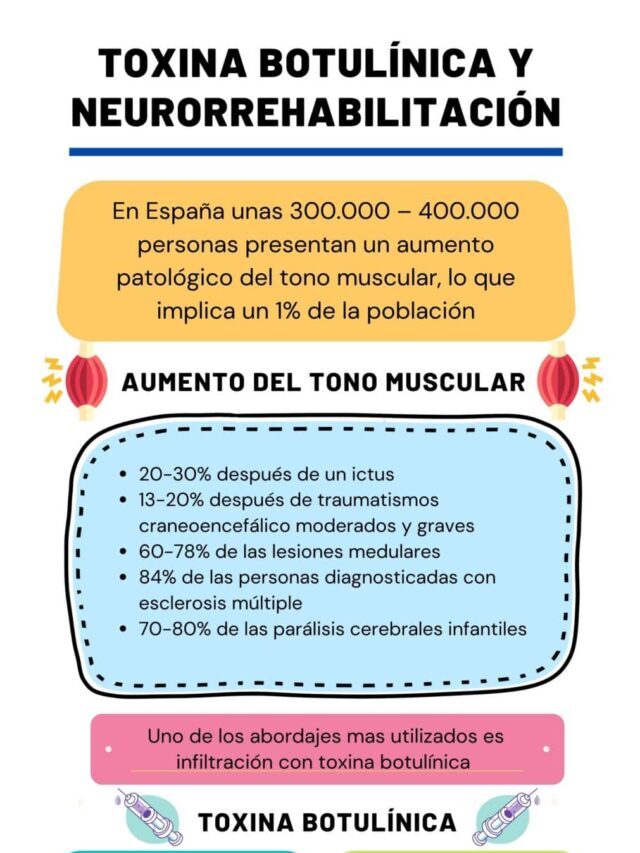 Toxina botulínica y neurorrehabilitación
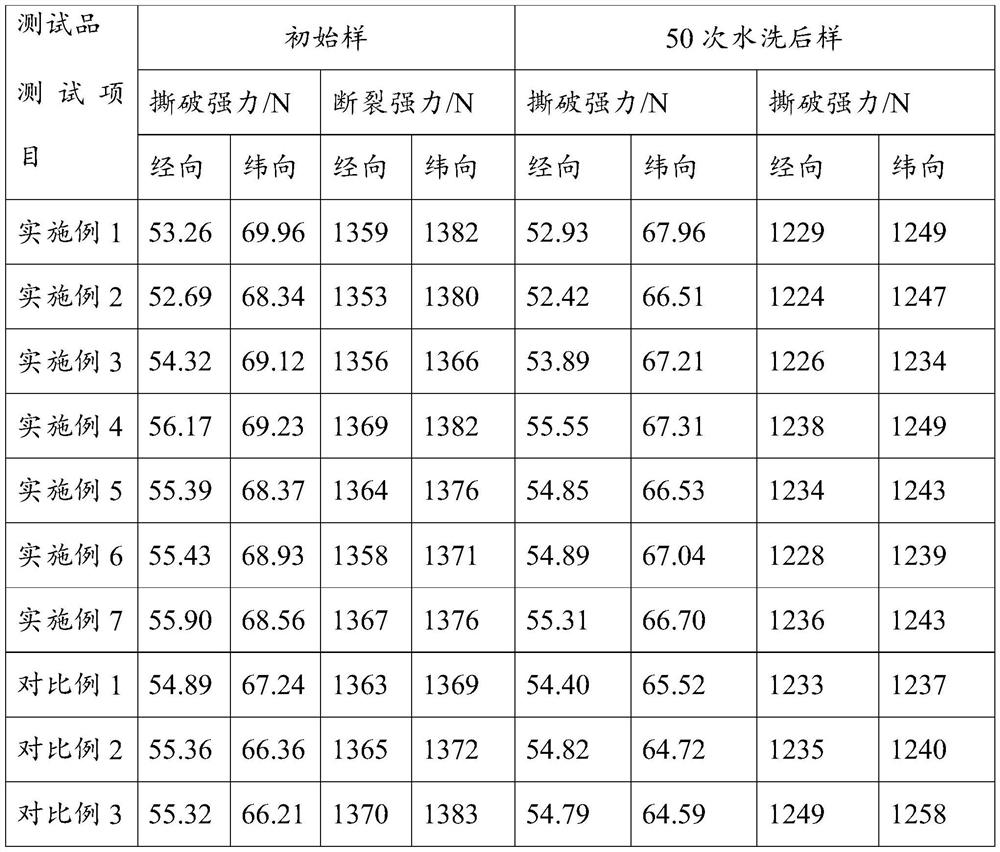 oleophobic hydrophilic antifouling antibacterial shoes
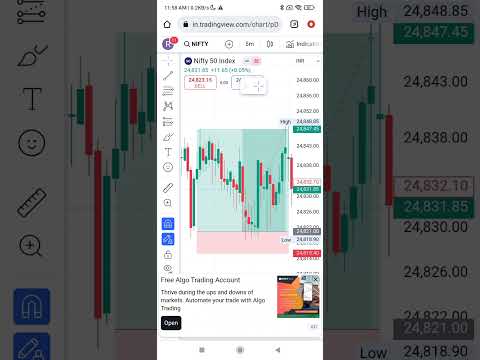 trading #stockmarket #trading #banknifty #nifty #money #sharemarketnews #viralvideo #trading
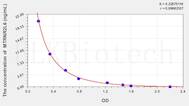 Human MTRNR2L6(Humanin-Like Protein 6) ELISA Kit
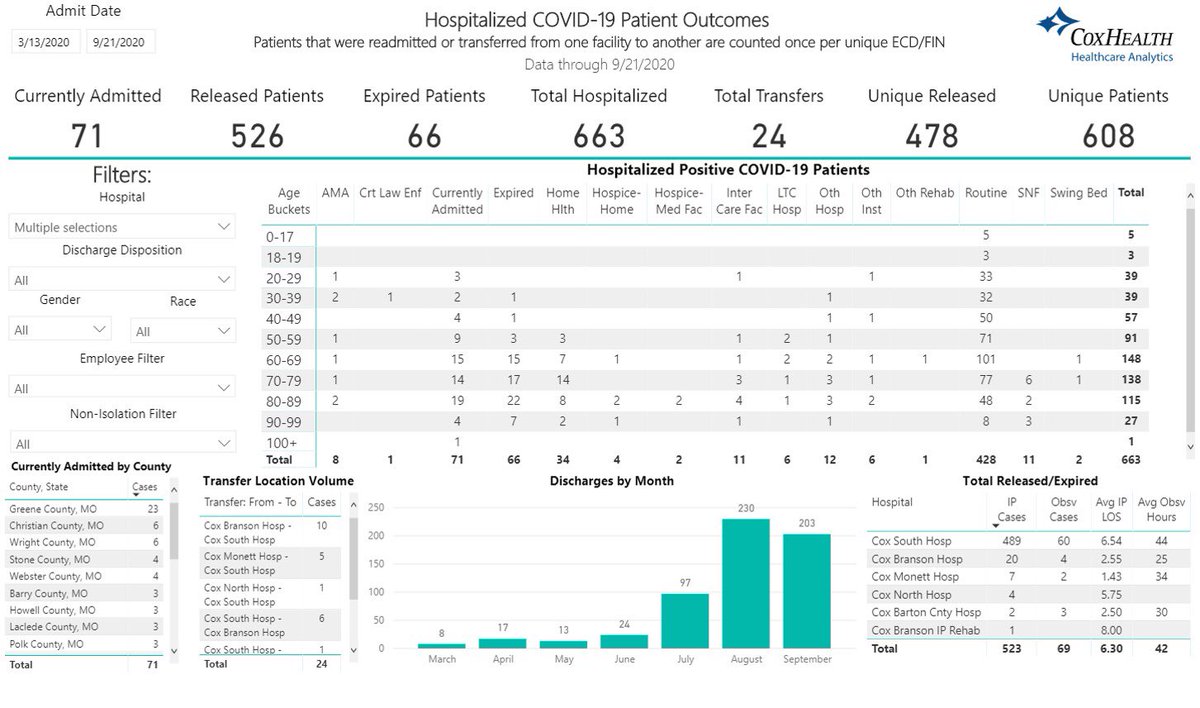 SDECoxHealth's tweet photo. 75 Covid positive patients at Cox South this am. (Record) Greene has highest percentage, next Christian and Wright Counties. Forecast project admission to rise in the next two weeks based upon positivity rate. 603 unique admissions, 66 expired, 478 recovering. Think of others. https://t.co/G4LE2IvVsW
**********
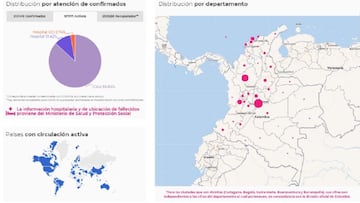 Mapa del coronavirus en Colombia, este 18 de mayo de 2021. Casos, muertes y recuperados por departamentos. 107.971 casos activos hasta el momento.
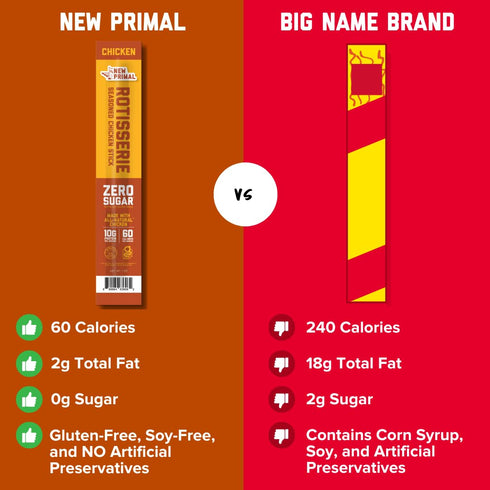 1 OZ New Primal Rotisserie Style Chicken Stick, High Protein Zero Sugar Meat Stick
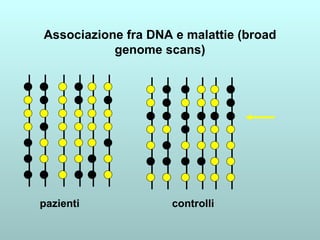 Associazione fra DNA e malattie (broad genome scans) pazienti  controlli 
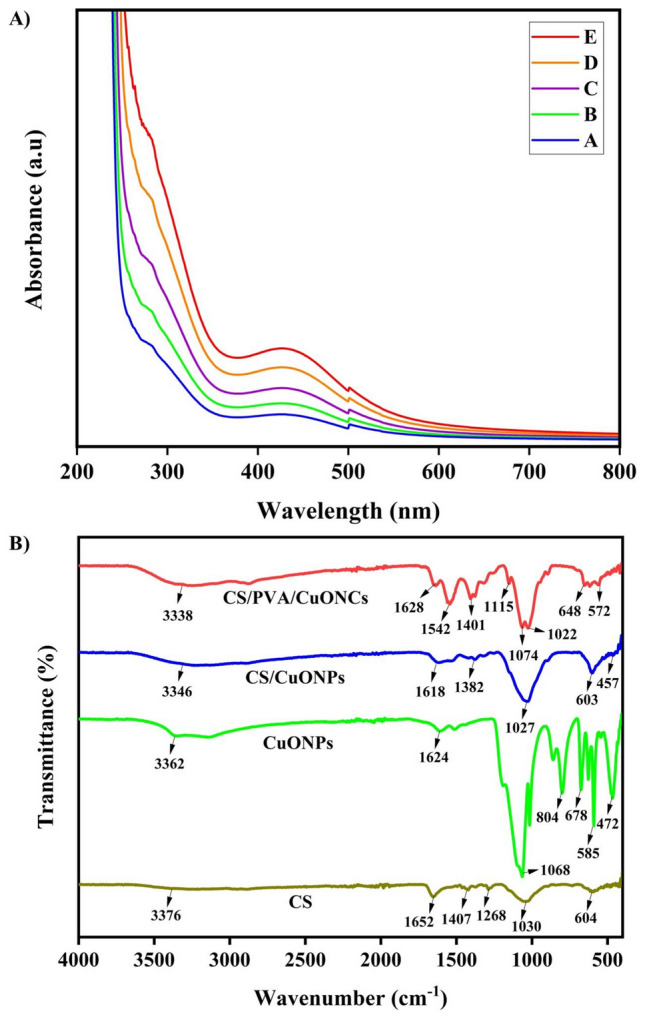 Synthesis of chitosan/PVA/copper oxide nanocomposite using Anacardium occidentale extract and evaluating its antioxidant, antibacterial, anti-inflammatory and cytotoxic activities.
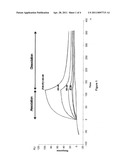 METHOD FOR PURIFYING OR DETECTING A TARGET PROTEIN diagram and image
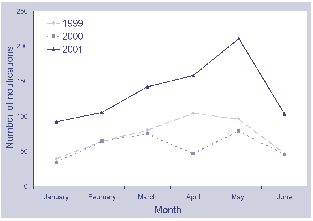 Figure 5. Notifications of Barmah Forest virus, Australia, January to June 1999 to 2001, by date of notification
**********
## Work instructions
Copy exactly the lines of the entries above from the one containing "Mapa del coronavirus" through the one containing "METHOD FOR PURIFYING". Both end lines count; pictures do not.

## The completed task
 Mapa del coronavirus en Colombia, este 18 de mayo de 2021. Casos, muertes y recuperados por departamentos. 107.971 casos activos hasta el momento.
 1 OZ New Primal Rotisserie Style Chicken Stick, High Protein Zero Sugar Meat Stick
 Associazione fra DNA e malattie (broad genome scans) pazienti  controlli 
 Synthesis of chitosan/PVA/copper oxide nanocomposite using Anacardium occidentale extract and evaluating its antioxidant, antibacterial, anti-inflammatory and cytotoxic activities.
 METHOD FOR PURIFYING OR DETECTING A TARGET PROTEIN diagram and image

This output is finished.